Sebenarnya bila yang dimaksud dengan terlewat dari pelaksanaan shalat Idul Fithri, maka waktunya masih ada dan zakatnya tetap masih sah untuk ditunaikan, hanya saja dari segi waktu sudah masuk kategori makruh. Meski makruh tapi hukumnya tetap sah.
Namun bila yang dimaksud dengan telat adalah belum bayar zakat padahal sudah masuk waktu Maghrib pada tanggal 1 Syawwal itu, memang waktu untuk berzakatnya sudah lewat. Kategorinya adalah haram. Namun kalau dibilang haram, bukan berarti tidak usah ditunaikan.

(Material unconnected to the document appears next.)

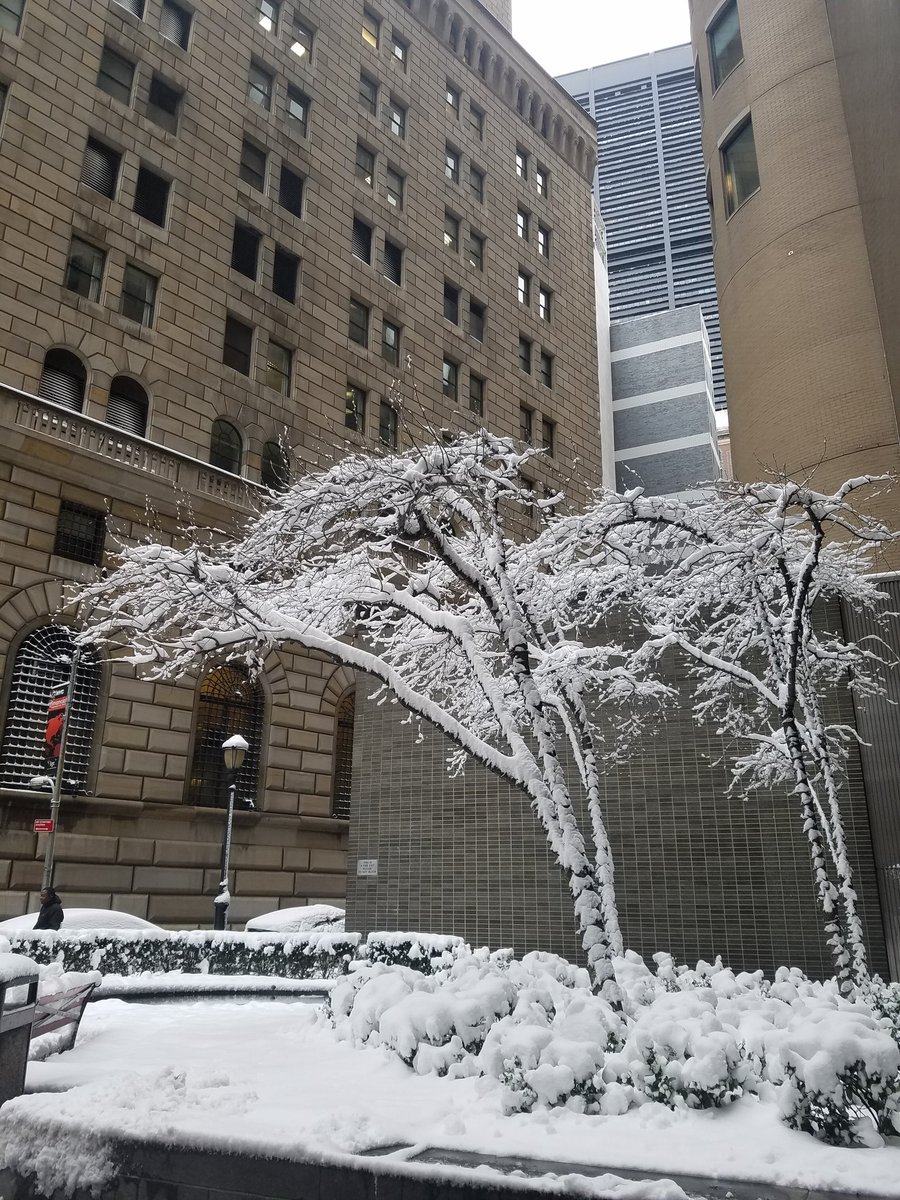 exploridea's tweet image. I get chills passing Federal Reserve building on the snowy day. Interesting place.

Yang dimaksud dengan haram disini maksudnya si pelakunya berdosa. Sedangkan kewajiban zakatnya tetap masih berlaku, hanya saja status hukumnya berubah, seperti orang shalat Shubuh kesiangan dan matahari sudah terbit, dia tetap wajib shalat Shubuh dengan status mengqadha’ shalat.
Maka zakatnya tetap ditunaikan, meski sudah lewat MAghrib. Namun dia berdosa karena keterlambatan bayar zakat. Dan status zakatnya menjadi qadha'. Secara nilai tidak ada denda apapun atas keterlambatan.
Yang membedakan hanya masalah penyebab kenapa terlambat, sebagaimana dijelaskan oleh Syeikh Nawawi Al-Bantani.
Syekh Nawawi Al-Bantani, salah satu ulama nusantara dalam kitabnya yang masyhur, Nihayatuz Zain, menjelaskan hal itu sebagai berikut :
ووقت حرمة وهو ما بعد يوم العيد فإنه يحرم تأخيرها عنه وتكون قضاء يجب على الفور إن كان التأخير بلا عذر وإلا فعلى التراخي
Waktu haram pembayaran zakat fitrah adalah waktu setelah lewatnya hari raya Idulfithri (1 Syawwal) karena haram hukumnya memunda-nundanya. Namun status pembayaran adalah qadha yang wajib segera ditunaikan bila terlambatnya tanpa udzur. Tetapi jika tertundanya karena ada udzur syar’i, qadha zakat fitrahnya boleh ditunda atau ditangguhkan. [2]
Semoga Allah SWT terus menerus menambahi ilmu kita, agar kita bisa naik beberapa derajat.
Footnote :
[1] Syekh Hasan Sulaiman An-Nuri dan Syekh Alawi Abbas Al-Maliki, Ibanatul Ahkam, (Beirut, Darul Fikr: 1996 M/1416 H), cetakan pertama, juz II, halaman 253.
[2] Syekh M Nawawi Banten, Nihayatuz Zain, (Bandung, Al-Maarif), hal. 176.